オドロキくんは黙って息を整えるわたしを見つめていた。


「あ、あれは…成歩堂さんがいきなり…」
「そうは見えませんでしたけど。名前さんも満更でもなかったんじゃないんですか?」
「そんな…どうしてそんなこと言うの?」
「オレみたいな子供なんかより成歩堂さんみたいな大人の方がいいに決まってますもんね」
「………」
「ほら、何も言い返せないじゃないですか。もういいです。オレはもう言い寄ったりしないので、幸せになってください」
「っ……う」
「………」
「き、きらいに、ならないで…」
「…なんで名前さんが泣くんですか。オレが泣きたいですよ…」
「わたしが…好きなのはっ…オドロキくん、だよ…っ」
「え…」


わたしはオドロキくんに抱きついた。


「例えオドロキくんが子供でも、童貞でも、わたしはオドロキくんが好きなのにっ!」
「一言余計です…!」
「なんでわかってくれないのぉ…」
「名前さん…」


オドロキくんはぎゅ、とわたしを抱き締めて、頭を撫でてきた。
成歩堂さんにされるのとは違った安心感がある。


「名前さん、ごめんなさい…泣かないでください…」
「うう…ひぐ…」
「オ、オレ!名前さんのこと!幸せにしますからっ!」
「お願いします…」
「もう一人で成歩堂さんに近付かないでください」
「はい…」
「名前さんの唇を奪ったことは許せません。
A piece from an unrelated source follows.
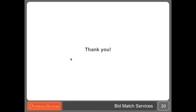That concludes our bid match presentation. Thank you all so much for joining me. Hopefully you'll be able to create some wonderful profiles for your clients, and we look forward to seeing your profiles online. Thank you all.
名前さん、キスさせてください」


わたしが答えを言う前に、オドロキくんは唇を合わせてきた。


「……」
「……」
「…もう一回」


それから何度も何度も、深く口付けするわけでもなく、ただただ何回もキスをした。
お世辞でも上手いとは言えない子供みたいなキスの嵐に、わたしは幸せを感じていた。